Rebirth of Qattagon. In Assignment Nor'Dyren by Sydney Van Scyoc, the protagonist, an equipment repairman named Tollan Bailey, is not happy on Earth (an Earth of the near future where machines do all the boring work). He has a meaningless "job" where his employer pays him not to work and there is no real work to do.

His boss diagnoses Tollan as having been infected by a disease: the Protestant Work Ethic. Lucky for Tollan, he is sent off across space to a little planet where the inhabitants are inexplicably mired in a vast array of damaged and decaying equipment and nobody but Tollan has the skills needed to make repairs. Tollan has found the world that is perfect for him: he loves fixing machines.

Tollan's happy fate on the world Nor'Dyren is almost as magical as stepping into Escher's topsy-turvy "convex and concave" world where the woman at the upper left is going to go down the stairs and then exit stage right. At the same time, the guy on the ladder at the lower right is climbing up to the balcony where he will be standing 180 degrees flipped around on the other side of the floor that the woman will be walking on. 

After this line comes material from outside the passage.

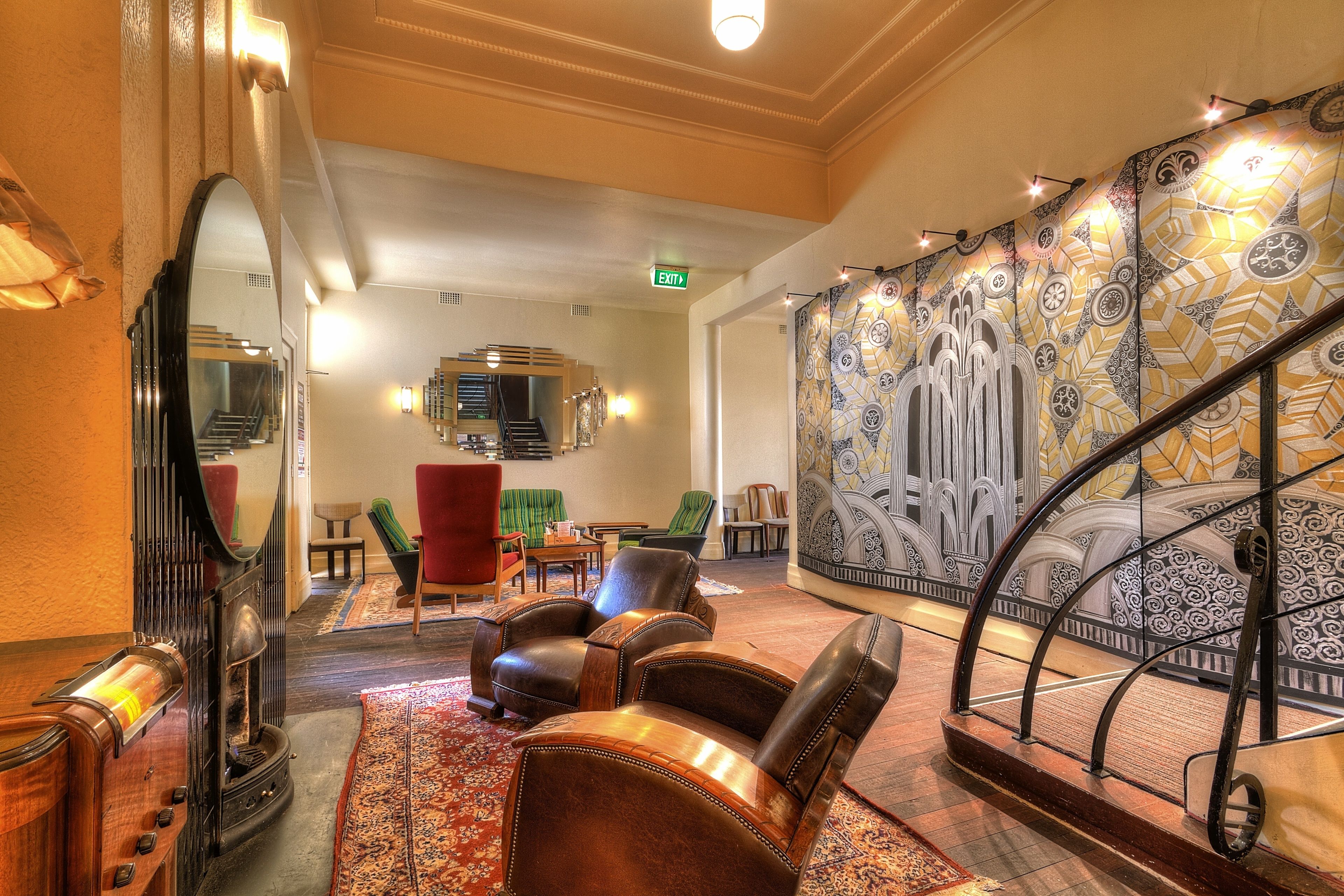 Mile End Hotel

I love the way that Sydney Van Scyoc was able to "push" Tollan into the alien culture of Nor'Dyren so as to simultaneously
1)  provide a way to put an end to the decline of Nor'Dyrenese civilization and also
2) provide Tollan with just the kind of world that would make him happy...he even gets the girl.

Tollan is the perfect "potion" for curing the ills of Nor'Dyren, a world that is just strange enough to induce in readers a rich sense of alien mystery and Sci Fi adventure. Van Scyoc was able to use third person omniscient narration but tell the story from Tollan's perspective while he struggled to understand the alien culture he had been suddenly pushed into. The omniscient narrator only dissolved the mystery of Nor'Dyren at the pace achieved by Tollan's rather bumbling exploration of his new world.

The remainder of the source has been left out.